Complex mixes of monoliths, micro-services, databases, data centers, networking, and cloud providers provide a dizzying array of opportunities for your services to fail. No one has perfect failover, so you have be prepared to play defense.

We will look at three categories of failures and ways to recognize them coming, and avoid spreading the carnage they cause to other services you provide.

  • Zombies: Long running but abandoned requests that eat up memory and crash the system long after the user who conjured it gave up.

  • Black Holes: Dependent services that take connections but never give them up, or perform so poorly for a time that all your attention eventually gets focused on that one thing.

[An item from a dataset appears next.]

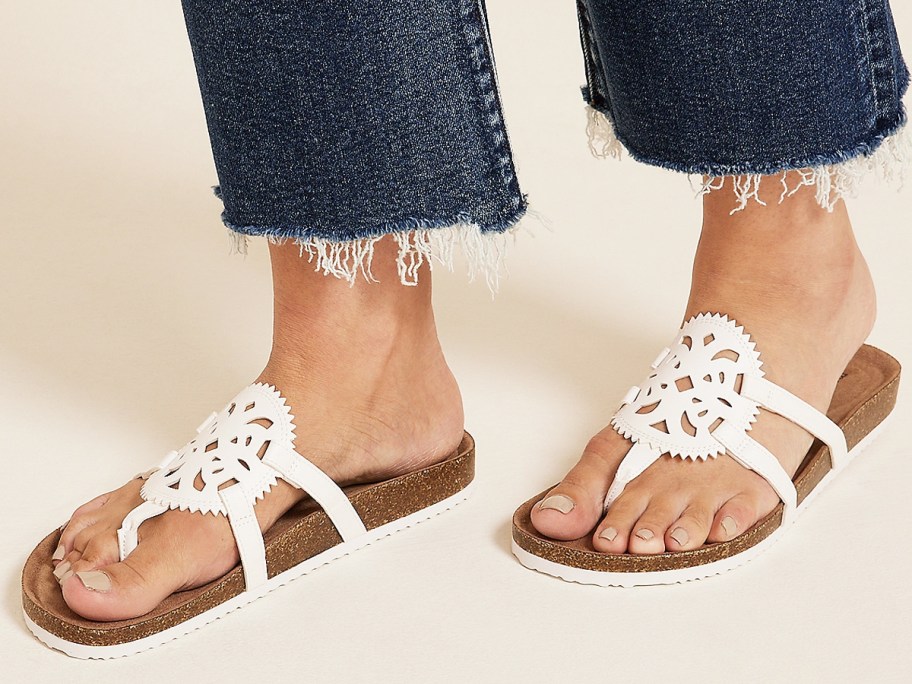 woman wearing pair of white sandals and jeans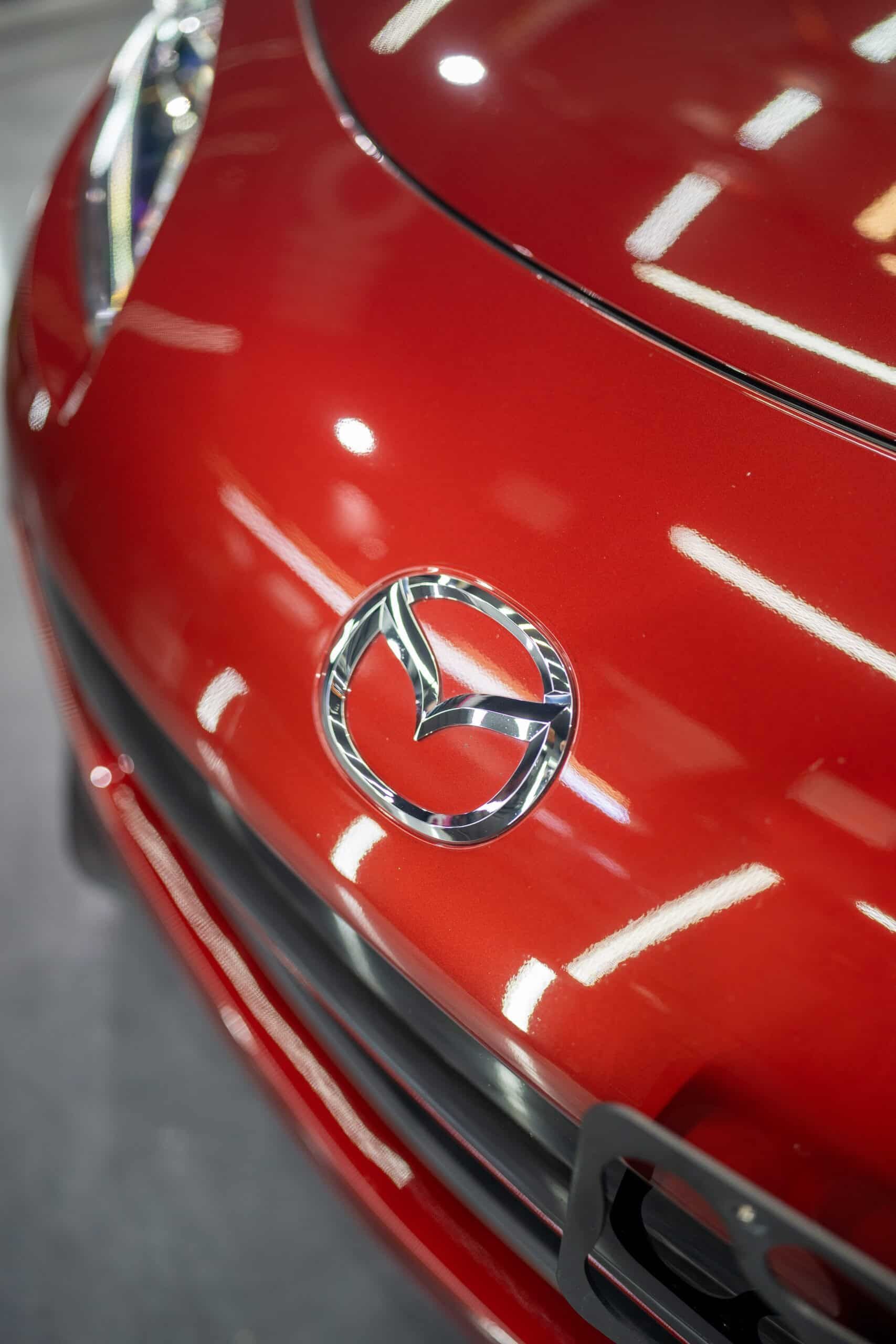A close up of the front of a red mazda car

  • Tribbles: Similar requests that you normally invite, but they come too many, too fast for your service to handle as they take your attention and eat up all your resources.

You can expect to see:

  • Novel concurrent data structures for tracking ongoing work used as a basic building block for recognizing Zombies, Black Holes & Tribbles.

  • Circuit Breaking: Statistics used for recognizing normal and when to stop using a dependency.

  • Dealing with the behavior differences of highly vs little used and fast vs slow dependencies.

  • Sci-fi references and Horror Stories.

Speaker

avery-regier

Avery Regier

 
Avery has been building and supporting complex systems for two decades. His recent focus has been on finding themes for why systems fail, and building practical solutions.